NC ECHO, available at http://ncecho.org, has been updated in order to expand access to unique local heritage collections previously scattered across a multitude of websites and North Carolina institutions. NC ECHO enables users to search across thousands of digitized and “born-digital” historic materials, including a wide variety of books, photographs, maps, family histories, state documents, newspapers and other materials from cultural heritage institutions around North Carolina. The collections available through NC ECHO include a diverse array of materials by and about the people, places and history of North Carolina.
The previous NC ECHO program was managed by the State Library of North Carolina from 1999-2012, with the intent of identifying and digitizing local cultural heritage collections. The newly revived NC ECHO program continues with the same spirit, to build connections and improve access to these collections of historic materials.
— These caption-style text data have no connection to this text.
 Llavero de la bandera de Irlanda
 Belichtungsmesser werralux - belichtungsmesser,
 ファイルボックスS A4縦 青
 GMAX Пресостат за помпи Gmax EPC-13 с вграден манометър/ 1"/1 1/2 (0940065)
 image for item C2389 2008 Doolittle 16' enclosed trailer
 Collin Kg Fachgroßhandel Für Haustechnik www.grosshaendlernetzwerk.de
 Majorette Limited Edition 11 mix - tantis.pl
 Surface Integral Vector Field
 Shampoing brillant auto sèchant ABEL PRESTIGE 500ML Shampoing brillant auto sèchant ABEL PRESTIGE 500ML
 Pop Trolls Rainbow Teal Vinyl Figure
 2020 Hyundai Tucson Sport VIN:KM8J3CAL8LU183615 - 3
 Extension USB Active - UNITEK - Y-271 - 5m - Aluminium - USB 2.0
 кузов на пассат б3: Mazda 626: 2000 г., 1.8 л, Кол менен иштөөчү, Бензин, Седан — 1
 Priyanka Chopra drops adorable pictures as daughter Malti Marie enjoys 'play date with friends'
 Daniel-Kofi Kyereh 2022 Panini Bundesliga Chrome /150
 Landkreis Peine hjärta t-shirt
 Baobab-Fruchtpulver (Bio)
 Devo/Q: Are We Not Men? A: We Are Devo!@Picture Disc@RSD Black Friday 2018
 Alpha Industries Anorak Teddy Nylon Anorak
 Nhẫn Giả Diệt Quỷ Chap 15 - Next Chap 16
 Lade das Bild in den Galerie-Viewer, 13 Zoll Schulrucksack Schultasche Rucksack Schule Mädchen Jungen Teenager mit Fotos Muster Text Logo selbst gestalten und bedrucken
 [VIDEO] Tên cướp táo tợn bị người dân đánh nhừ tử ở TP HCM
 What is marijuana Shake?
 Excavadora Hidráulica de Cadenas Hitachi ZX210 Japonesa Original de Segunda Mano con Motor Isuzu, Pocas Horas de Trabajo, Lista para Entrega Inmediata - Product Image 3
Over the coming year, the North Carolina Digital Heritage Center will continue to work with cultural institutions across North Carolina to add new materials to this statewide search. “This project shows how libraries, archives, and museums are working together to share their historical photo and document collections with all North Carolinians,” said Cal Shepard, State Librarian of North Carolina. “The NC ECHO website will unlock unique and important historical materials by making them easy to find and use for everyday researchers.”
Staff at libraries across the state have eagerly awaited the launch of the new NC ECHO project because it will dramatically improve service to patrons researching local history. “By including content from over 100 different institutions across North Carolina, NC ECHO makes it easier than ever for students, scholars, and genealogists to find the materials they need,” said Nicholas Graham, Program Coordinator for the North Carolina Digital Heritage Center. “NC ECHO is the new first stop for anyone interested in North Carolina.”
To use NC ECHO, patrons can visit http://ncecho.org, and search based on historical interests, places, or people. All of the collections available through the NC ECHO search are freely available online to all users, regardless of their location or affiliation.